═══ PROVIDED MATERIAL ═══

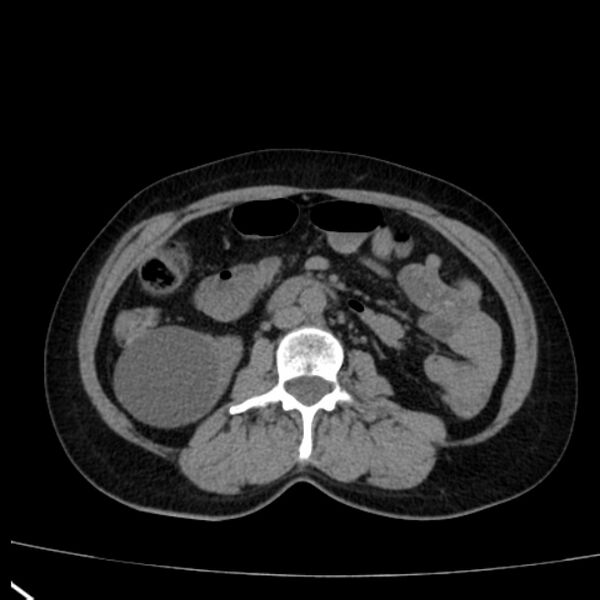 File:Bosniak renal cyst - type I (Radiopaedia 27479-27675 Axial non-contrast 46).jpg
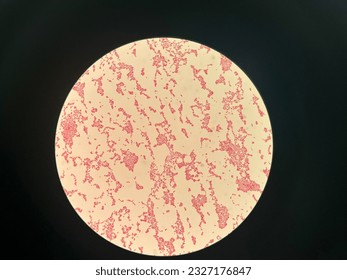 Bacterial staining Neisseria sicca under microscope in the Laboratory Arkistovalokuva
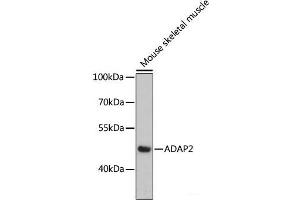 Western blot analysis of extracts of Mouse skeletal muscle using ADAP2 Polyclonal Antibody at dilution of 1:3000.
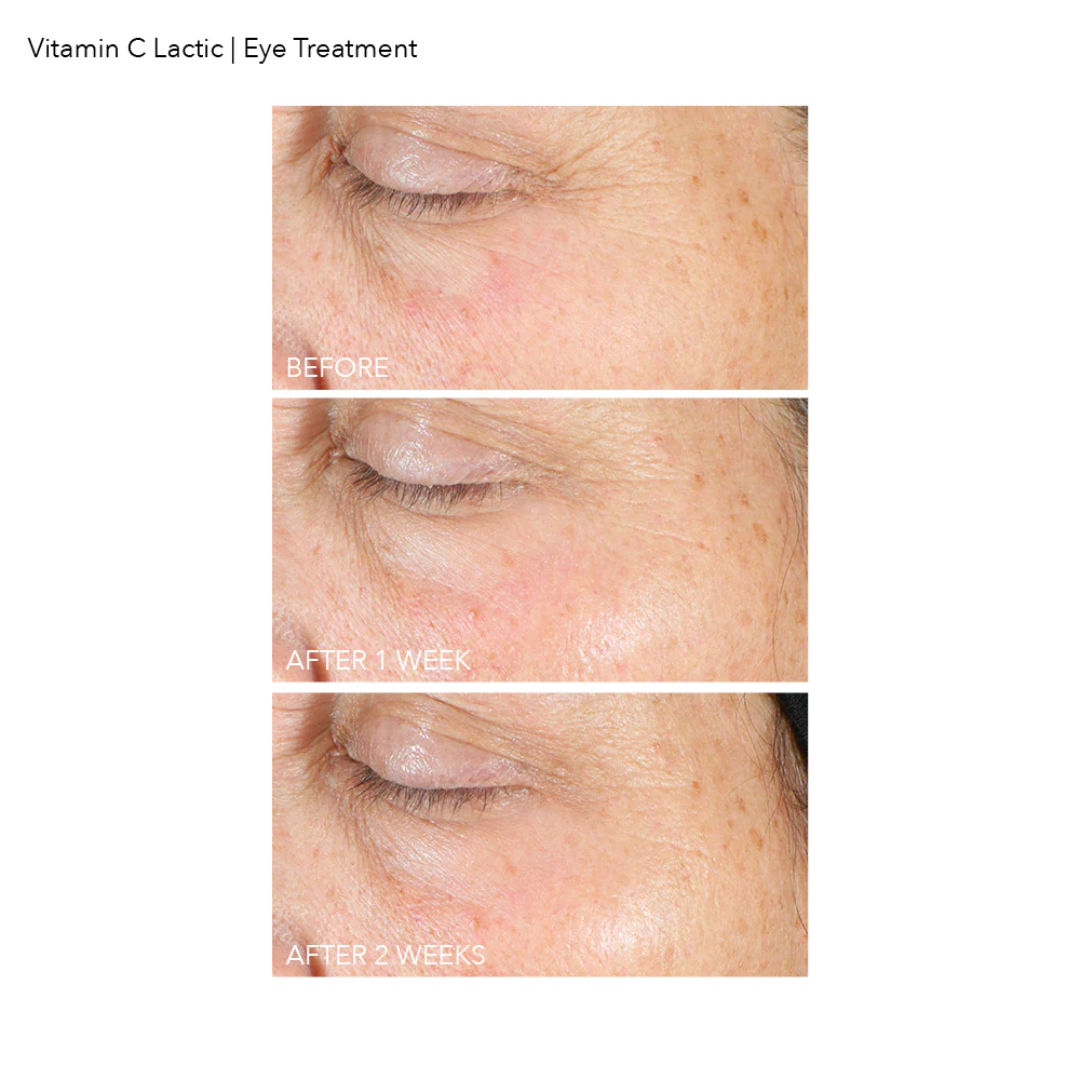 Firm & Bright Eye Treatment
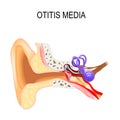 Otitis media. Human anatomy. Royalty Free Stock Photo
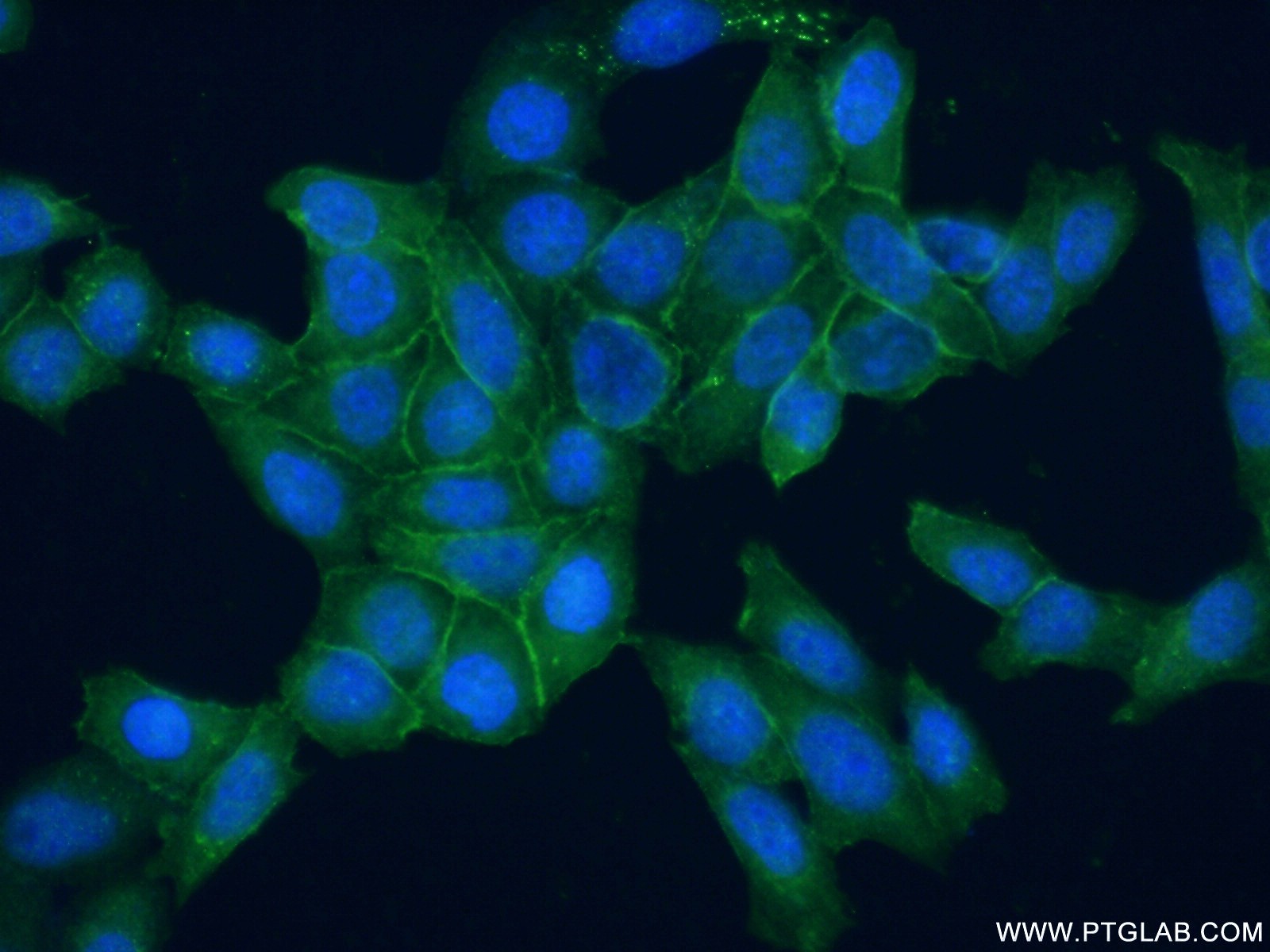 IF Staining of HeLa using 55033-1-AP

═══

## TASK BRIEF
Word-for-word copy, no pictures: write out the entries above in full.

## COMPLETED TASK
 File:Bosniak renal cyst - type I (Radiopaedia 27479-27675 Axial non-contrast 46).jpg
 Bacterial staining Neisseria sicca under microscope in the Laboratory Arkistovalokuva
 Western blot analysis of extracts of Mouse skeletal muscle using ADAP2 Polyclonal Antibody at dilution of 1:3000.
 Firm & Bright Eye Treatment
 Otitis media. Human anatomy. Royalty Free Stock Photo
 IF Staining of HeLa using 55033-1-AP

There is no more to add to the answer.